Dunga, um retrocesso no ex-país do futebol

Tinha prometido a mim mesmo que não voltaria a falar de Copa do Mundo e de seleção, depois da saturação que se seguiu à goleada sofrida pelo Brasil diante da Alemanha. Mas a resposta da CBF ao fiasco, com a nomeação de Gilmar Rinaldi para coordenador e de Dunga para técnico, superou todas as expectativas.

O sentimento é de desânimo entre aqueles que em algum momento acreditaram na possibilidade de o revés de 2014 nos levar a um processo de revisão de conceitos em busca da reconciliação do futebol brasileiro com suas ambições perdidas.

É certo que a derrota na Copa gerou frustração e vergonha, mas não levou o país a uma depressão do tipo "vira-lata" –até porque a Copa foi evento, dentro do possível, bem-sucedido, que dirimiu as piores dúvidas sobre nossa capacidade de patrociná-la.

Em meio à incredulidade diante do resultado –de resto imprevisível– houve uma salutar reação reflexiva que chegou à óbvia conclusão de que o "aggiornamento" de nosso futebol seria o passo inevitável.

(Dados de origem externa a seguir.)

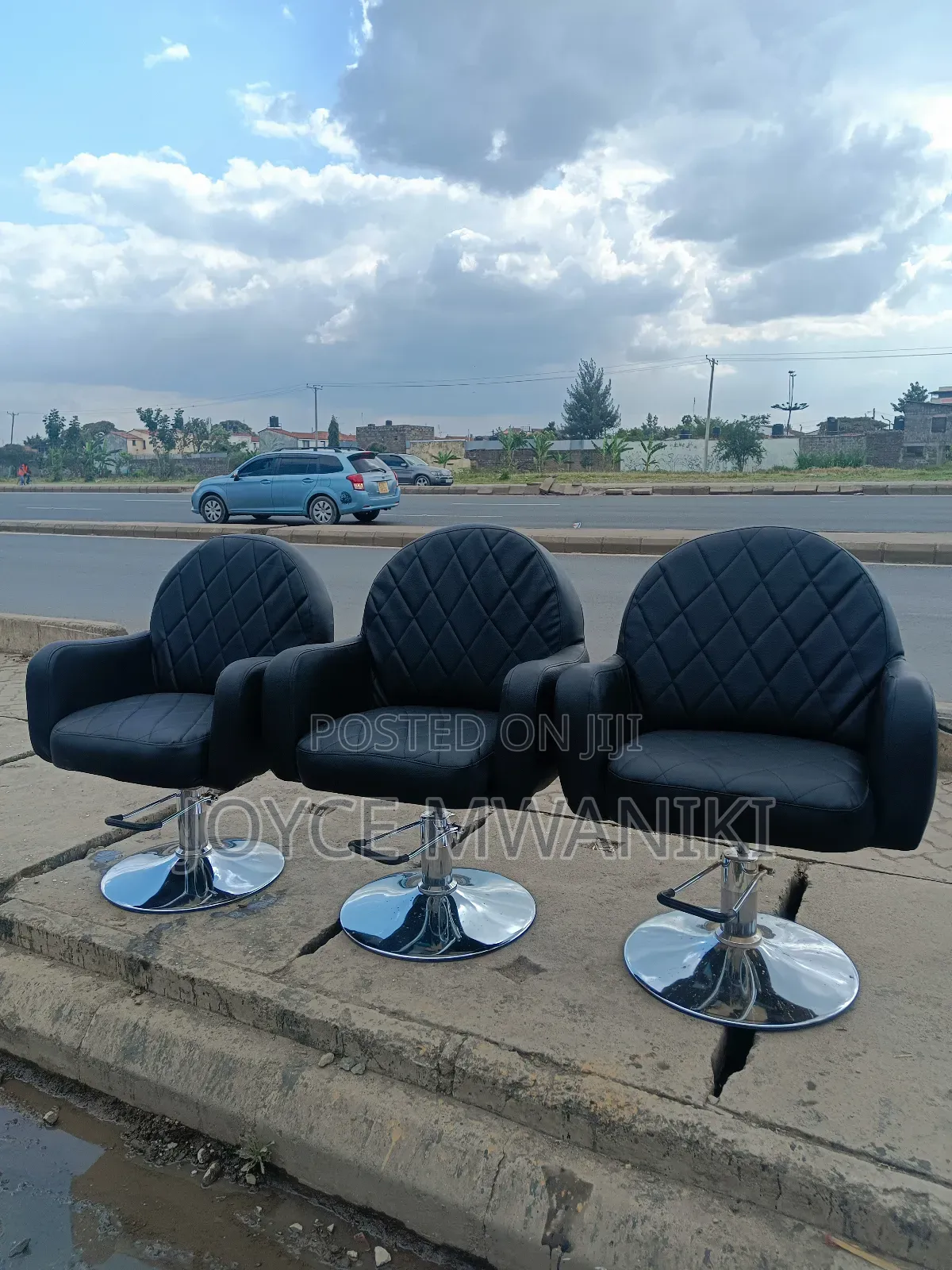 Salon Chairs, With Hydraulic Machine Black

Ficou no ar uma energia que, embora "negativa," parecia à espera do gesto capaz de reciclá-la como combustível para uma mudança de rumos.

Era o momento de a CBF transformar a decepção em apoio, escolhendo um supervisor acima de qualquer suspeita e um treinador com credenciais e experiência, mas que expressasse uma vontade de renovação. Mas seria esperar demais de gente como José Maria Marin e Marco Polo Del Nero. Venceu, mais uma vez, o garçom de costeletas e o sistema da Babilônia.

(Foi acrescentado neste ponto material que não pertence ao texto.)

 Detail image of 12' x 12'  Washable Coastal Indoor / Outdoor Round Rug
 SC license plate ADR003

A questão não é saber se Dunga poderá ou não classificar a seleção para a próxima Copa –e até eventualmente vencê-la. O que estava em jogo era a perspectiva de inaugurar um novo ciclo no futebol do Brasil–ou, melhor dizendo, em nosso "pós-futebol", ou "ex-futebol," já que aquele parece relegado ao passado.

O que permaneceu, certamente, foi a herança de um arranjo político-administrativo na esfera futebolística totalmente anacrônico e defasado em relação ao próprio processo democrático e institucional do país.

A CBF não entendeu o que se passou e segue fazendo o possível para aprofundar o processo de descolamento entre seleção e torcedor –enquanto o futebol cada vez mais perde sentido como narrativa que se entrelaça com a "alma" –ou a cultura– brasileira.

Não deixa de ser sintomática, quanto a isso, a reação de pessoas nas redes sociais declarando-se, agora, à vontade para torcer por outras seleções.